> _INSTRUCTIONS FOR THE TASK_
Scan the records below for the line with "Nuolen kanssa miehen" and the line with "key set c11", and retype that range exactly, both ends included, pictures excepted.

> _SUPPLIED DATA_

---*---

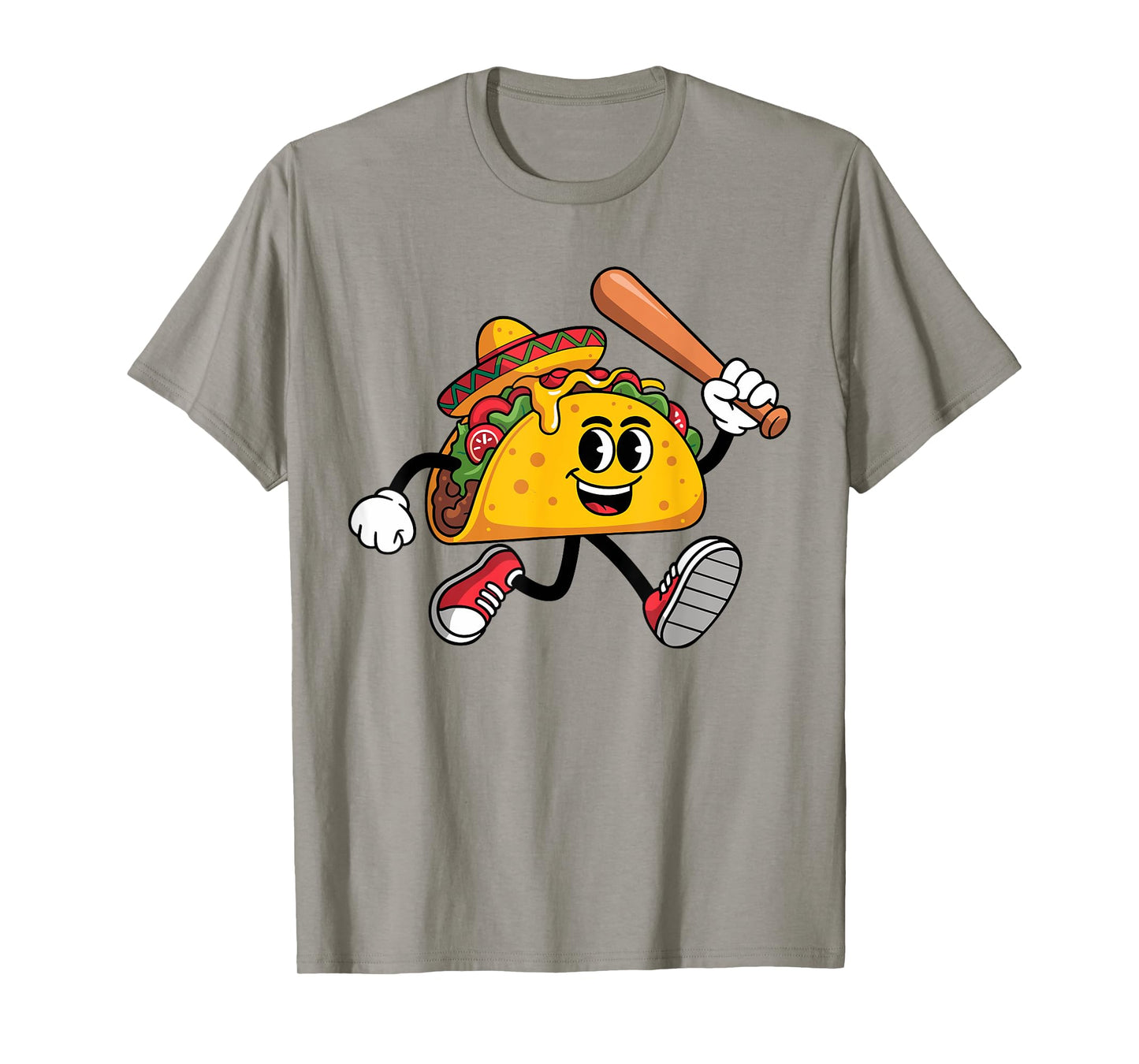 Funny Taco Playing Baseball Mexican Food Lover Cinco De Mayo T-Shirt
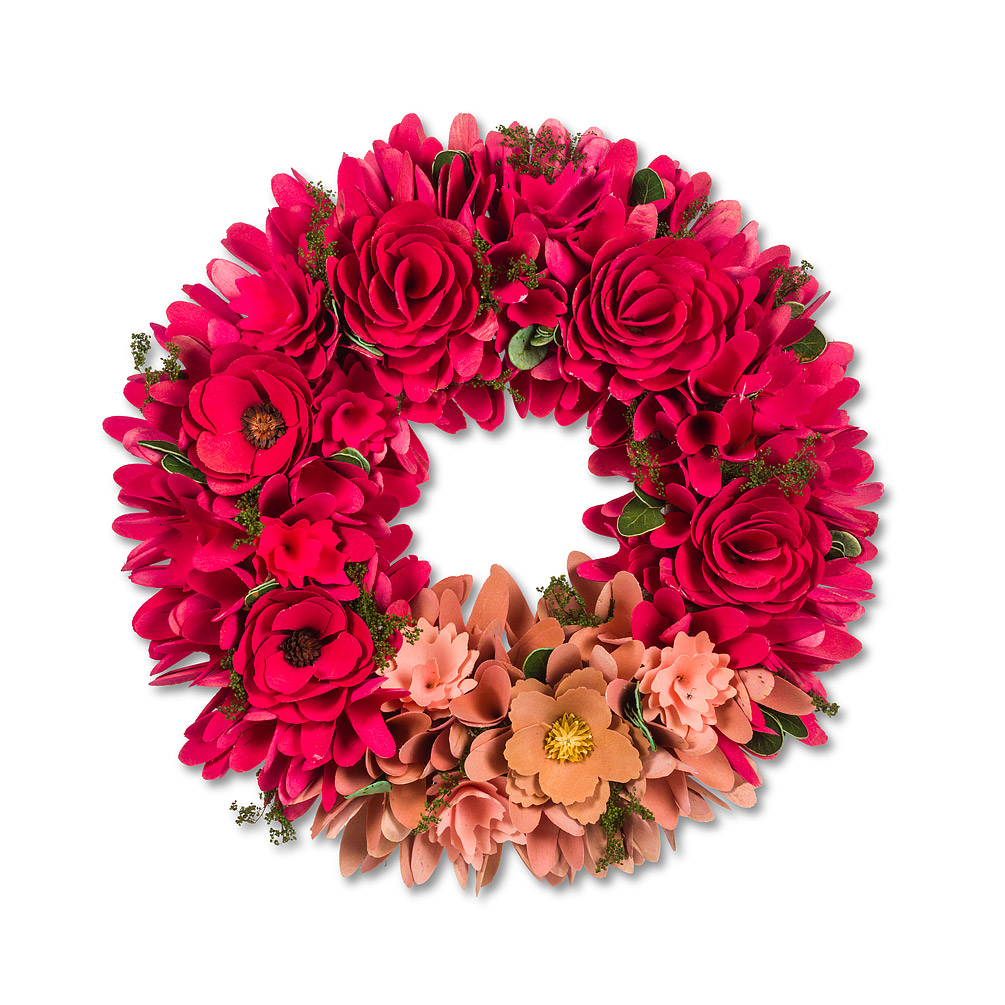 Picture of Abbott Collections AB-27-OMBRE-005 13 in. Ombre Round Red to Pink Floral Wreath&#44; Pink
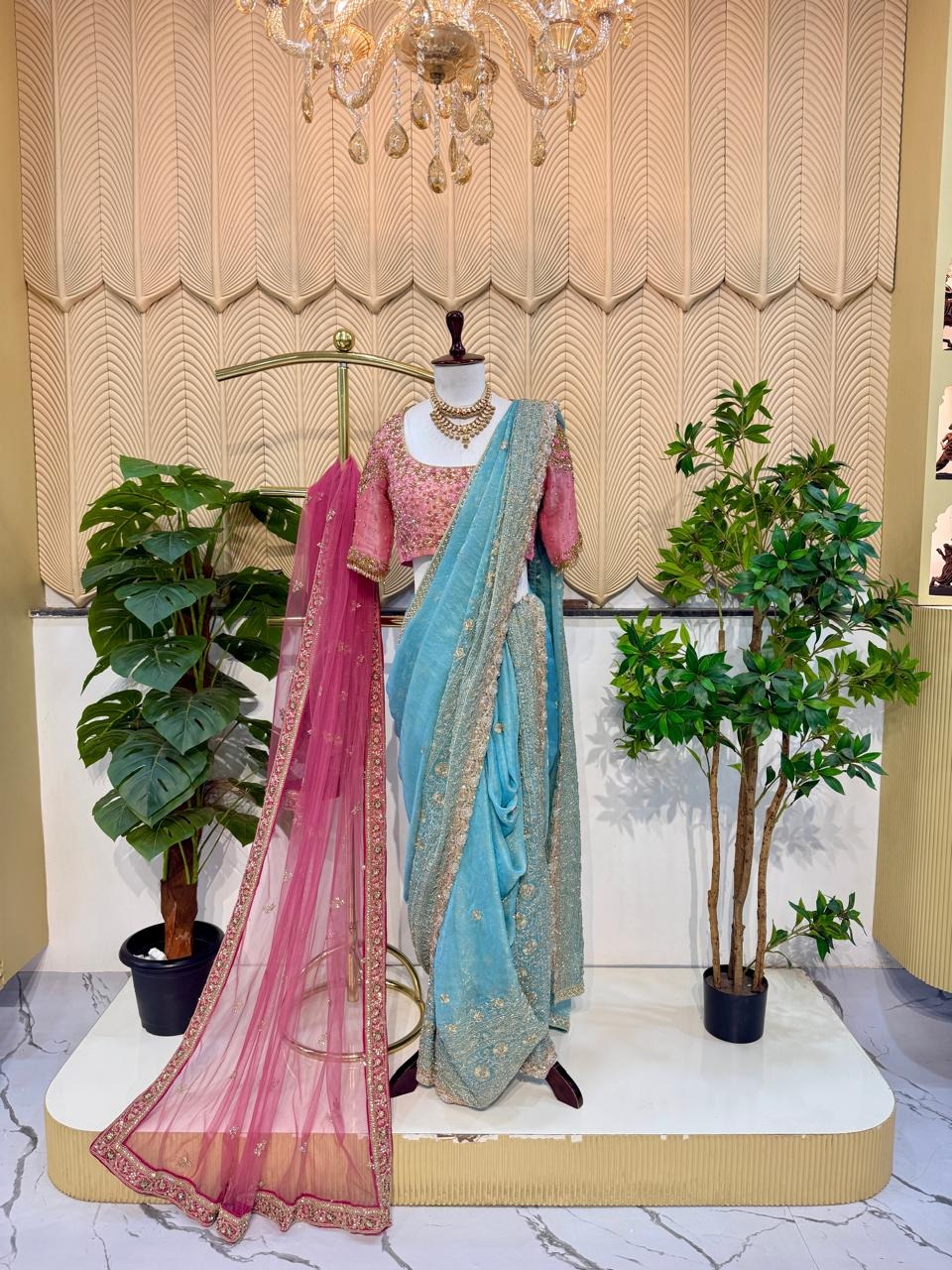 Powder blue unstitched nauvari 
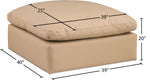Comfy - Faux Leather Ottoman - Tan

---*---

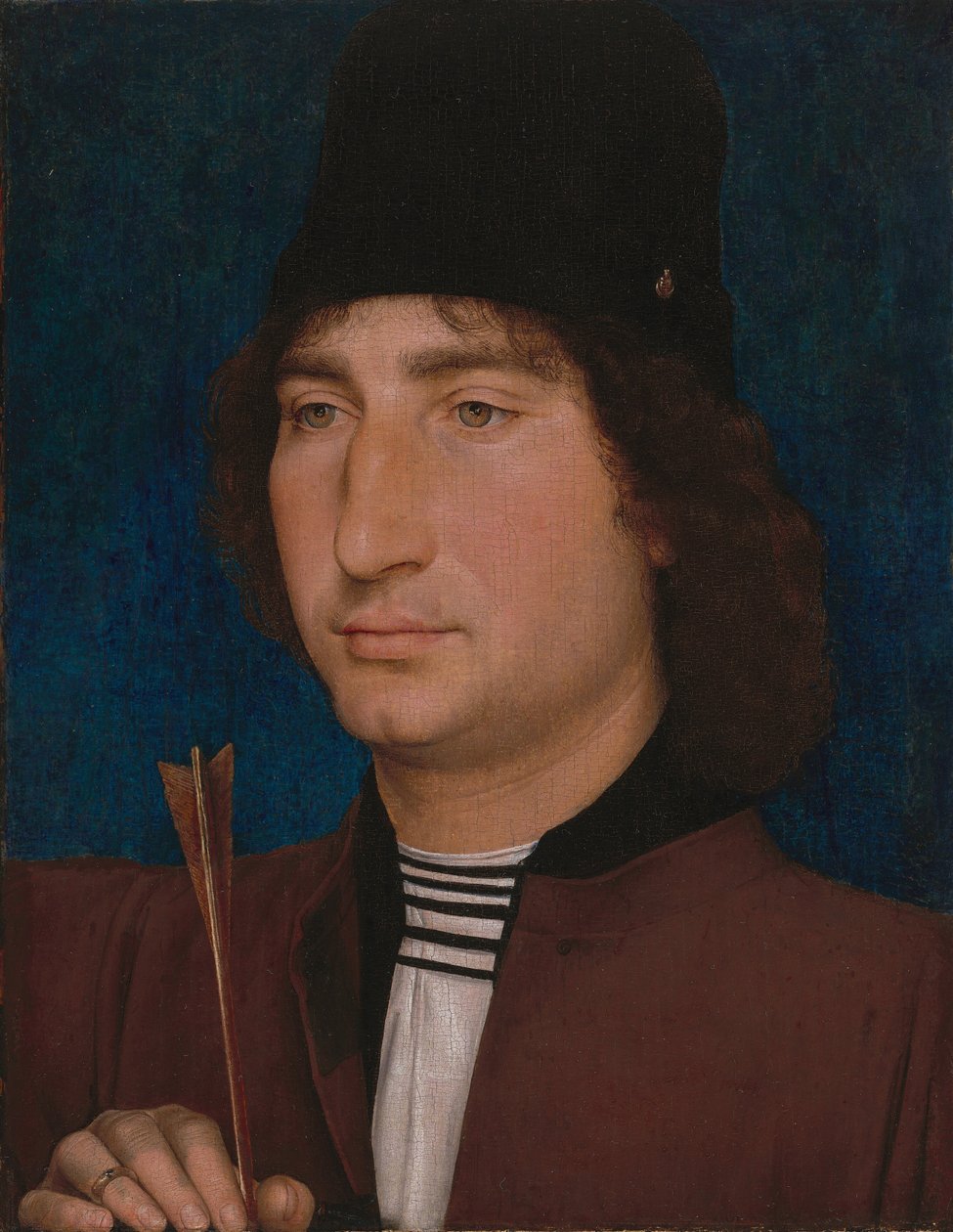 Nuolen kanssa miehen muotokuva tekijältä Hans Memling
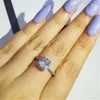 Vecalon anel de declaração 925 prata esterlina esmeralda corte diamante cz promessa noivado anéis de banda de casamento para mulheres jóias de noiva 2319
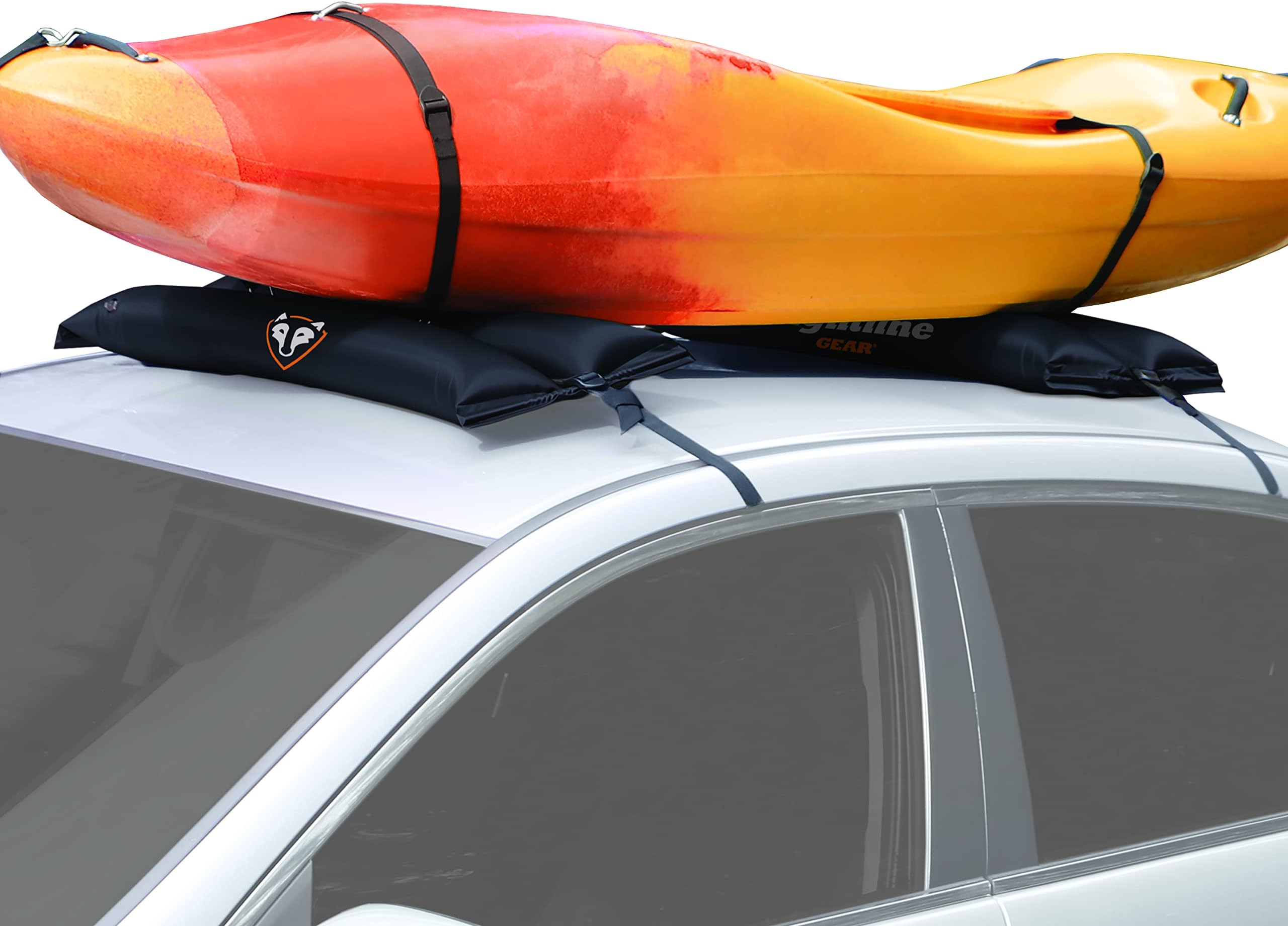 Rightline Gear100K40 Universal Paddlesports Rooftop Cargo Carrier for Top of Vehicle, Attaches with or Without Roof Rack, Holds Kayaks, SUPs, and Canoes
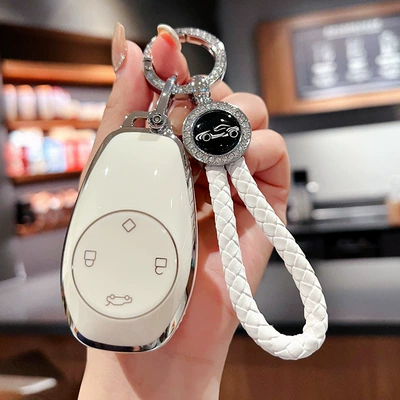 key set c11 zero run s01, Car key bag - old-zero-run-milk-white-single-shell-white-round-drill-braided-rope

---*---

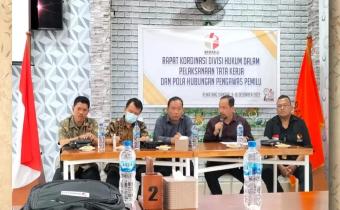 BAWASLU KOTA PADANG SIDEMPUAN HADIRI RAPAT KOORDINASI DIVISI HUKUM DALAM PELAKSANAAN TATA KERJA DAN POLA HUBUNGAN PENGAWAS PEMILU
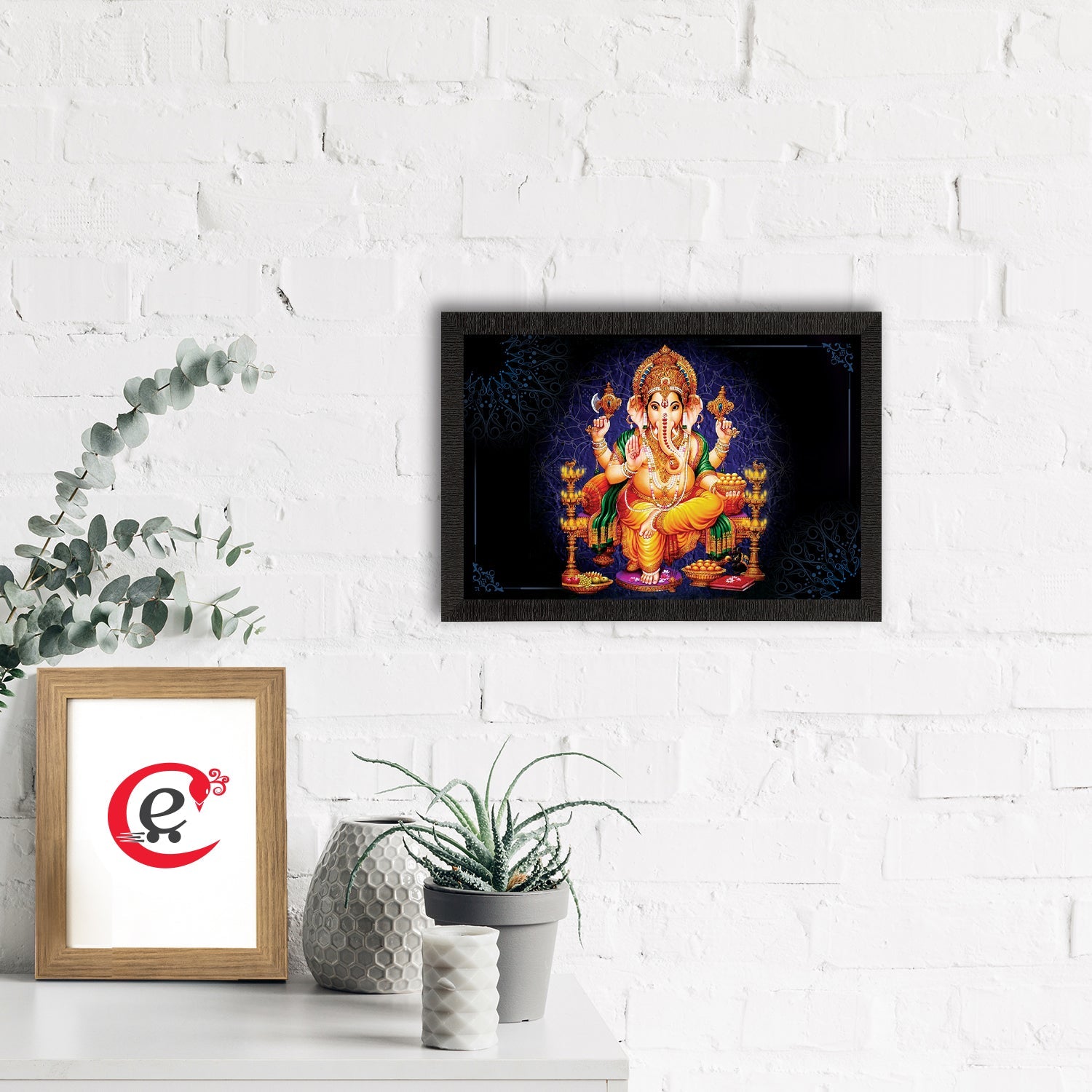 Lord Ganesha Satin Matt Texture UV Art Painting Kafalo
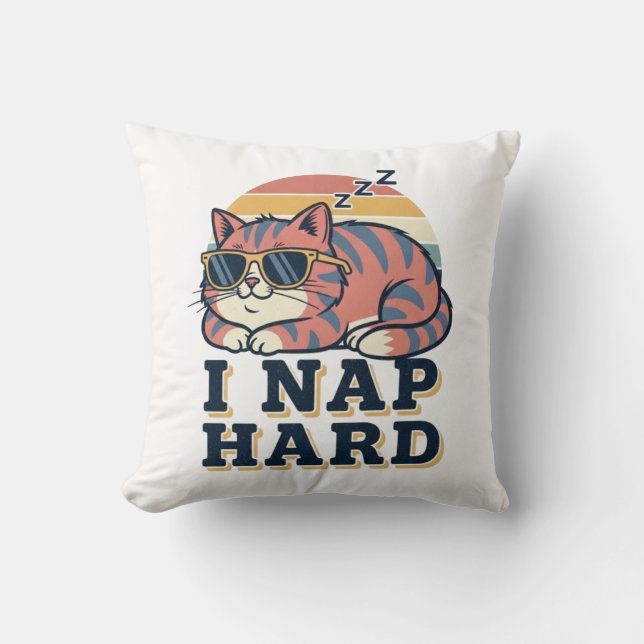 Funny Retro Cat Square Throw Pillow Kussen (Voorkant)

---*---

> _OUTPUT_
 Nuolen kanssa miehen muotokuva tekijältä Hans Memling
 Vecalon anel de declaração 925 prata esterlina esmeralda corte diamante cz promessa noivado anéis de banda de casamento para mulheres jóias de noiva 2319
 Rightline Gear100K40 Universal Paddlesports Rooftop Cargo Carrier for Top of Vehicle, Attaches with or Without Roof Rack, Holds Kayaks, SUPs, and Canoes
 key set c11 zero run s01, Car key bag - old-zero-run-milk-white-single-shell-white-round-drill-braided-rope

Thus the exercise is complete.